Too Much Steady-State Cardio
If you’re trying to lose fat and gain muscle at the same time, you may not be gaining muscle because you’re overdoing the cardio. Extremely long periods of steady-state cardio (an hour and a half or more) increases cortisol levels, especially if you’re carb-deprived. That not only triggers muscle breakdown but it blocks anabolic hormones like growth hormone. Cardio doesn’t have to be lengthy to be beneficial. Keep your cardio sessions short and intense, substituting high-intensity interval training or a circuit workout for an extra long cardio workout. If you do longer periods of cardio, make sure you’re fueling up with enough carbohydrates to keep your cortisol levels down.

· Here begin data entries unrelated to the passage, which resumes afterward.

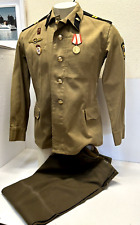 USSR Soviet Military Army CA Uniform Tank  Unit Jacket & Pants Vintage 70-80's picture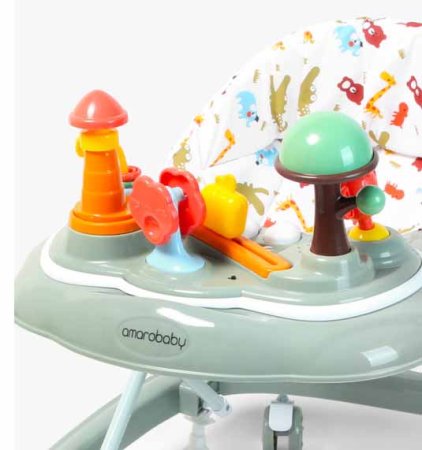 Amarobaby Ходунки с электронной панелью Running Baby / цвет серый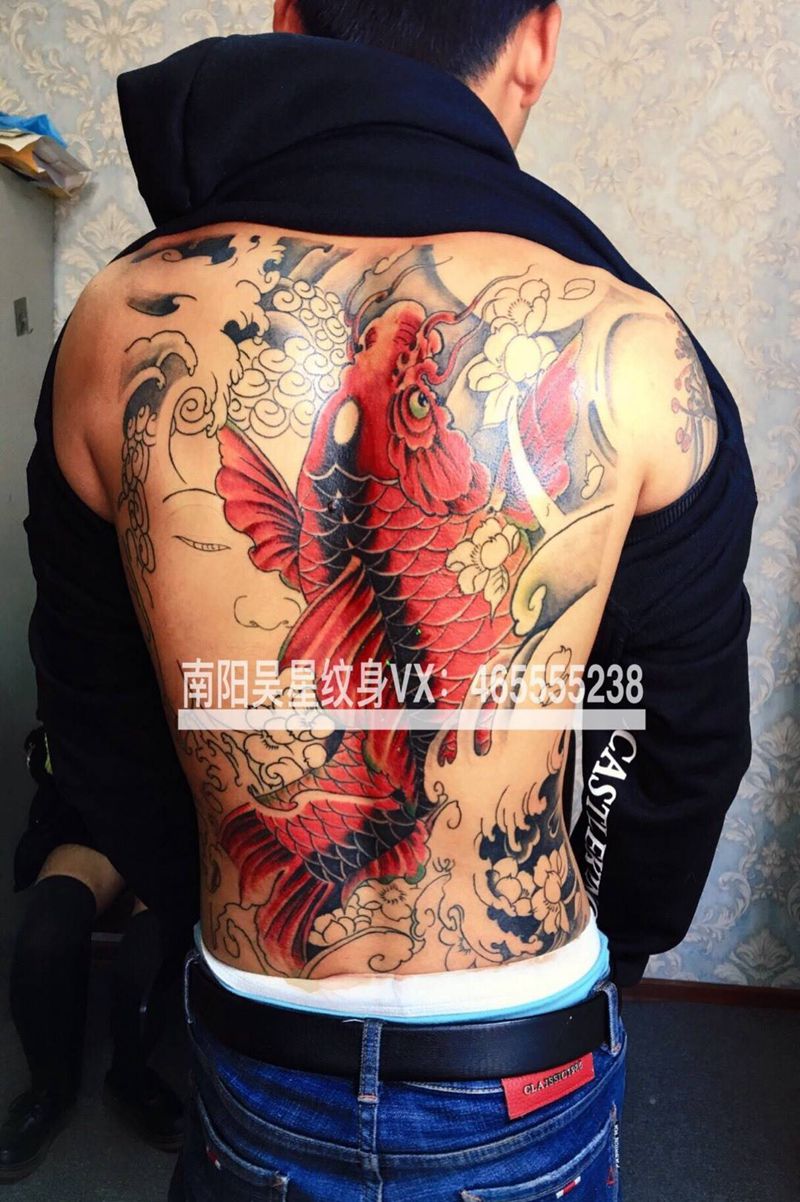 鱼佛缘纹身图片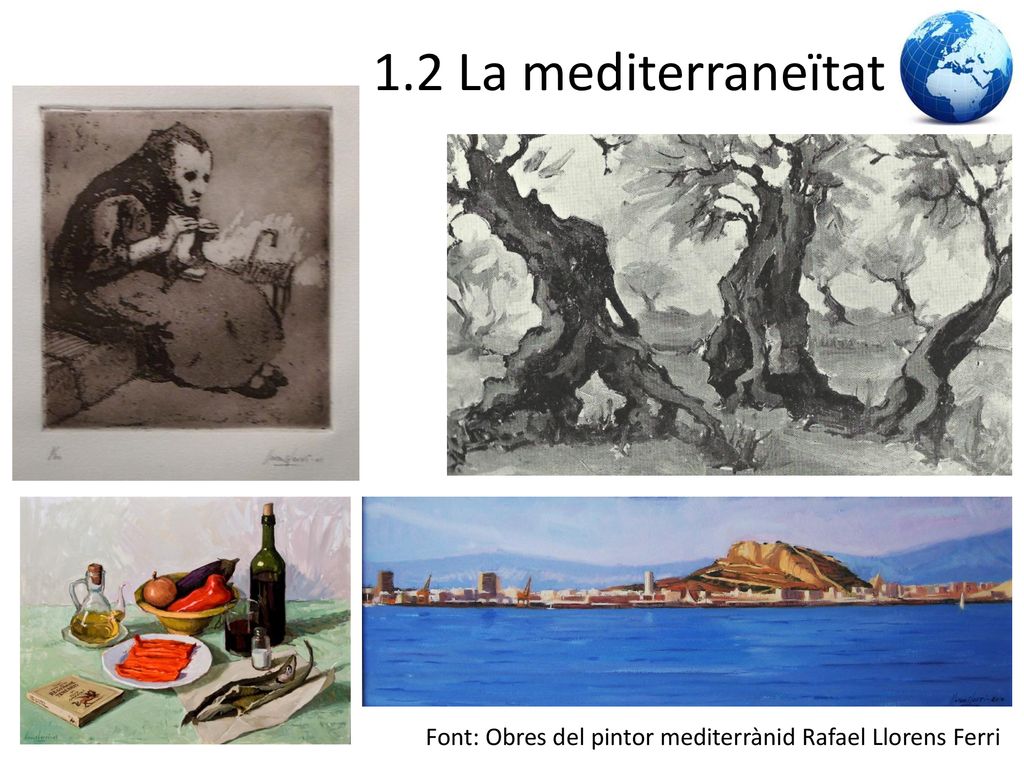 1.2 La mediterraneïtat Font: Obres del pintor mediterrànid Rafael Llorens Ferri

Not Lifting Harding Enough or Focusing on Single-Joint Strength Exercises
You’ll have an easier time building lean body mass if you work a maximal number of muscle fibers with each exercise. That means more compound movements that challenge more than one muscle group like push-ups, squats, dips, deadlifts, military press, etc. rather than isolation exercises like biceps curls and triceps kickbacks that challenge a single muscle group. You’ll also activate more growth hormone and increase the calorie burn when you do compound exercises. Fifty-percent or more of your exercises should be compound movements.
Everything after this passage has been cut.